Combine the remaining ingredients with pan juices, transfer to a blender, and puree until smooth. Pour the sauce into a small pan and simmer 5 minutes, or until slightly thickened. Adjust seasoning with more salt, pepper, and/or honey. Pour the sauce over the quail on the heated platter.  Sprinkle with the rose petals and pepitas, for garnish, and serve hot.

Cook’s Notes:
The original recipe for this dish calls for rose petals, but you don’t want to use petals from conventional flower shop roses—those are treated with fungicides. Still, if you have some organically grown roses in your backyard, or know where to buy them, feel free to use them to garnish the finished dish.

If you cannot find any rose petals, 3 bags of  Tazo Passion Hibiscus Tea is a great alternative to use as well.

You can find rosewater at local Middle Eastern stores.

The original recipe calls for cactus. In this version red prickly pear fruit puree or juice is used and can be found at most health food stores—or substitute frozen raspberries or even use 2 large red plums that have been pitted and skinned, for the red prickly pear.

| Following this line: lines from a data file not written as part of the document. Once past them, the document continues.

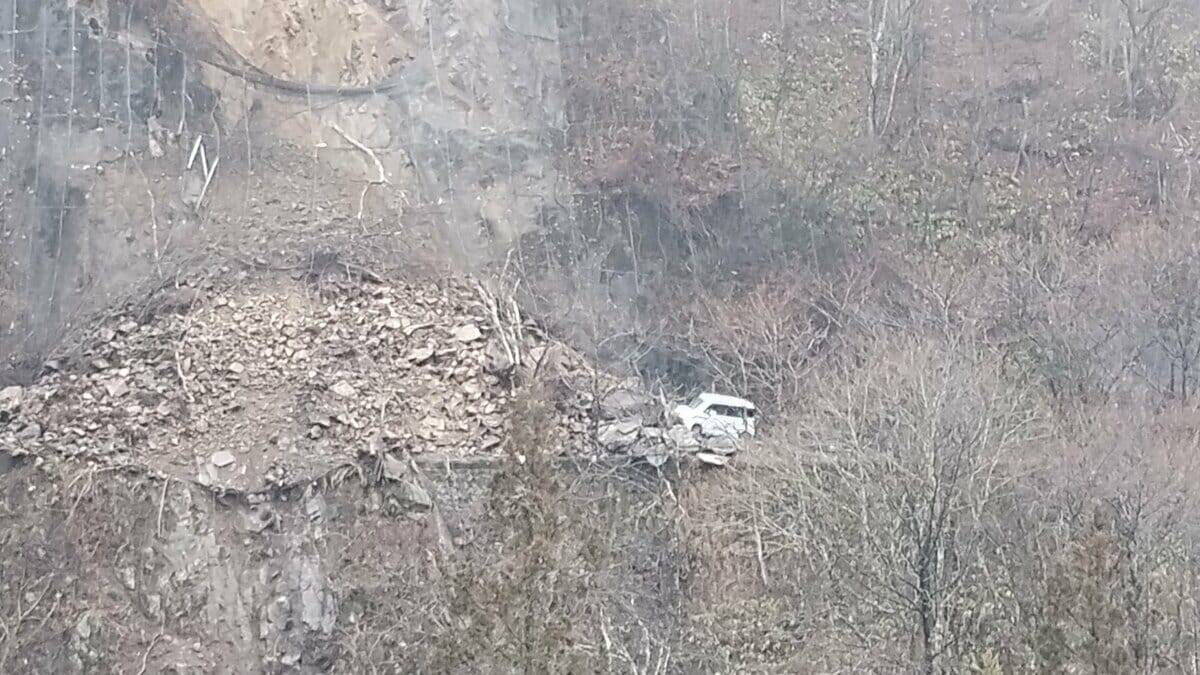 ｢土砂崩れが広範囲に広がっている｣ 40代男性が崩れた土砂に乗り上げケガか 岐阜･高山市丹生川町の国道 一部で通行止め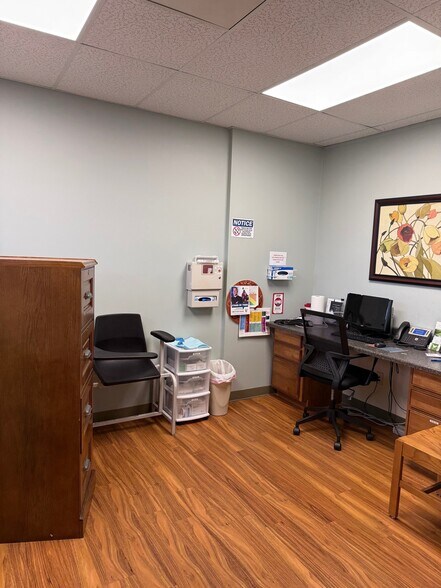 More Photos Of 2 Executive Dr, Lafayette Office For Lease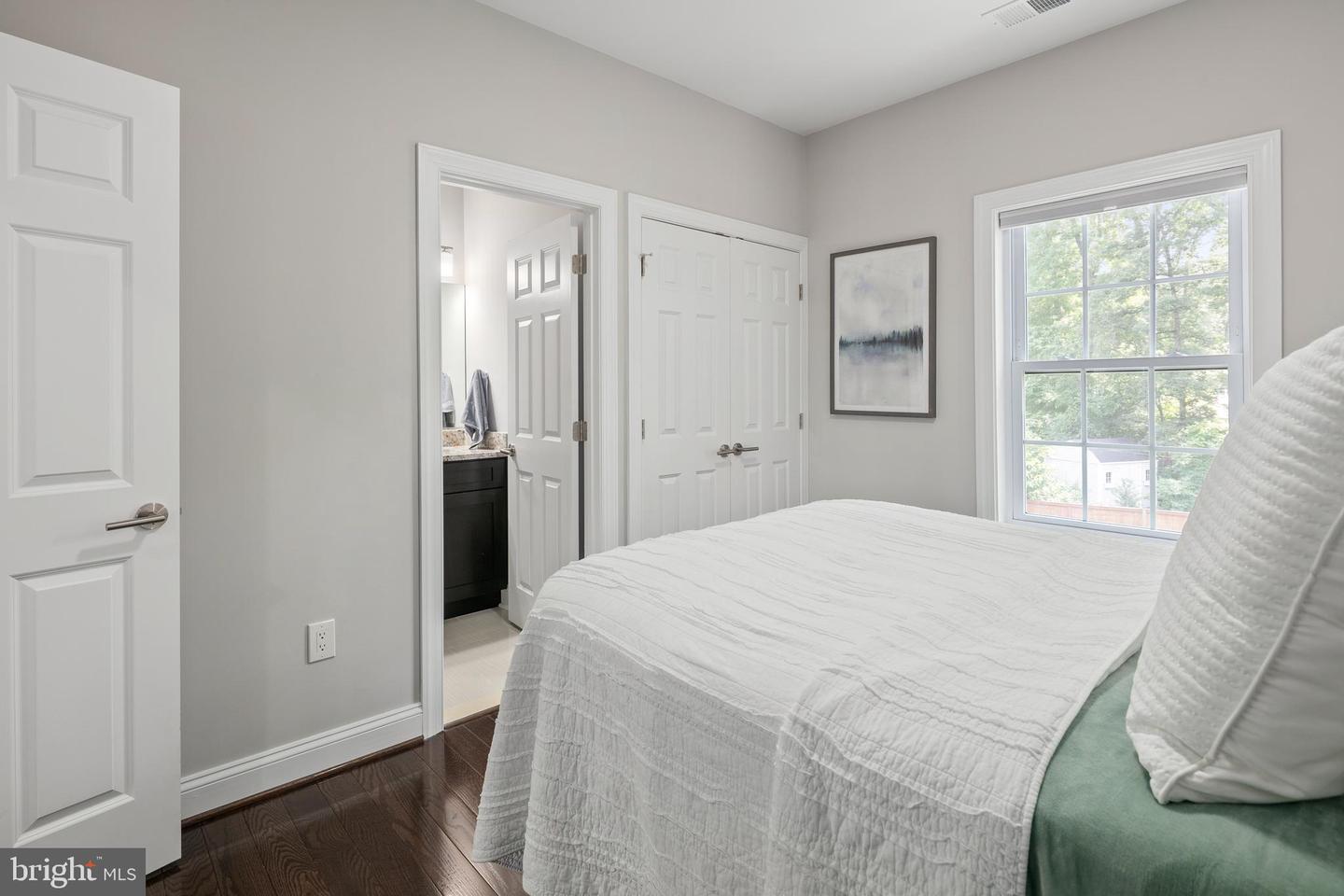 7911 FORT HUNT RD, ALEXANDRIA, Virginia 22308, 7 Bedrooms Bedrooms, ,8 BathroomsBathrooms,Residential,For sale,7911 FORT HUNT RD,VAFX2225292 MLS # VAFX2225292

Another  substitution for the prickly pear would be  dragon fruit , which is closer in terms of the flavor given that both are cactus fruits.While you may not initially equate “cactus” with “edible,” the dragon fruit, also known as pitaya, is indeed borne on a cactus. When the fruit is cut open, the flesh is revealed to be either snow-white or magenta pink and peppered with tiny, edible black seeds throughout — quite a contrast to the exterior.The flesh is mildly sweet, some say comparable to a melon. A source of calcium, fiber and vitamin C, the dragon fruit is widely cultivated throughout much of the tropics, particularly in Asia. Its popularity in tropical Asia combined with the dragon reference may lead us to believe it originated in Asia, but the fact is no one seems to agree on where it came from. We do however know it is in the cactus family (Cactaceae), and therefore almost sure to be of New World origin.

If you have a dove hunter in the family, try this with dove instead of quail. In fact, doves may be an even more romantic choice, if you don’t mind picking a little birdshot from your teeth. Cornish hens also work well, as a substitute for the protein in this dish.